Hello everyone,
The update for this week consists of two parts,the CollectionWithTagRule
that is about reading the blocks from HDFS using the XMLInputFormat
class.This rule informs the parser that it needs to read its data in
blocks from HDFS and passes some additional information that are needed
in order to read the items correctly.I made one change in the
XMLInputFormat class, the class reads a block from HDFS and looks for
the starting and closing tag that the user specified in his query.Until
now I did not take into account that in the opening tag there may be
more information refarding the item, for example:
<book name="something">
...
...
</book>
but I was only looking for tags like:
<book>
...
...
</book>
I changed that to take into account that the opening tag may contain
additional information and to include it in the returning item.

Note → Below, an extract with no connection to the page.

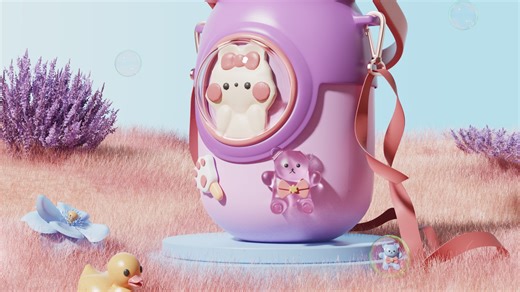 新年伊始，案例开始更新/keyshot水杯渲染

The second part of the update is about the YARN applications, slider and
twill that I tested this week and my conclusions about which can be used
with vxquery better.
- Slider: Requires mostly configuration files and python scripts for
the application to work which I find very good and generic because with
little changes to the configuration you can use the same work in similar
projects.
- Twill: Requires zookeeper installed along with YARN in order to
work.This application needs mostly changes in the code of the project
you want to use with Twill.
Based on these I find slider, yet again, a better candidate.Still if
anyone has more experience with any of these systems I would like to
give me some feedback on my observations and of course which one is best.
Thank you,
Efi